More than 100 people gathered in Riceboro early Sunday for a historical baptism ceremony at one of the oldest, if not the only, traditional baptismal sites left in Liberty County.
The ceremony, sponsored by the Progressive Missionary Baptist Sunday School Convention and Association, was in a wooded area along Barrington-Ferry Road, only a block from the First African Missionary Baptist Church.
Members of the PMBA said they wanted to recognize the bequest of locals who had once been baptized in the same “muddy” water more than 80 years ago.

“When we saw that mother [Dorothy] Brunson, mother [Mary] Baggs and mother [Annie] Walthour were baptized there on the very same day some years ago, we thought it would be a marvelous time for the community to assert its legacy through them,” Modibo Kadalie said.
In 2002, Kadalie, and others then on the Riceboro City Council, fought to get the land that includes the baptism site back from International Paper Co. The group was successful after claiming eminent domain for the land to be included in a utility project.
“I grew up in this community and that site goes back to slavery time,” Kadalie said. “Everybody who I know knows somebody who used to swim there or who has friends or family that was baptized there. And this was just a beautiful occasion.” 
With a procession of people following them, Brunson, Baggs and Walthour rode to the site from the First African Baptist Church in a black carriage.
Baggs and Brunson sported traditional white robes symbolizing what the event’s moderator, Pastor Edgar Timmons, described as a “transition from the old man to the new man.”

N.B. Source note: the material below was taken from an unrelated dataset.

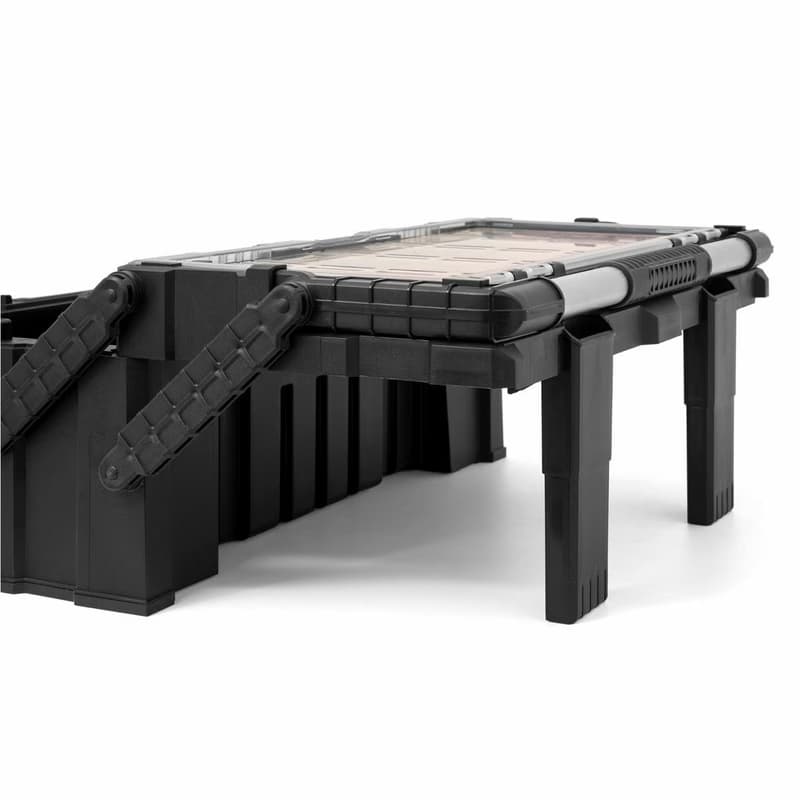 CURVER Box na náradie 22" CANTILEVER PRE BOX 5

After singing and hearing a few words from Timmons, the crowd drew closer as Timmons symbolically dipped mannequins, and not the elderly women, in the muddy water.
Baggs said she was just happy to be alive for the event, but had little else to say.
Timmons filled the gaps for her.
“Longevity has its place. To be 100 years old and still be able to move and to do for themselves is a blessing from God,” Timmons said. “We wanted those in observance to see what the Lord can do for them, too, if they walk the walk and hold onto God’s unchanging hand.”
“And what we saw today and what we have in Liberty County, that is so rare is family,” pastor Neil Dawson added. “Family provides a place to look back to and family always holds on to their history.”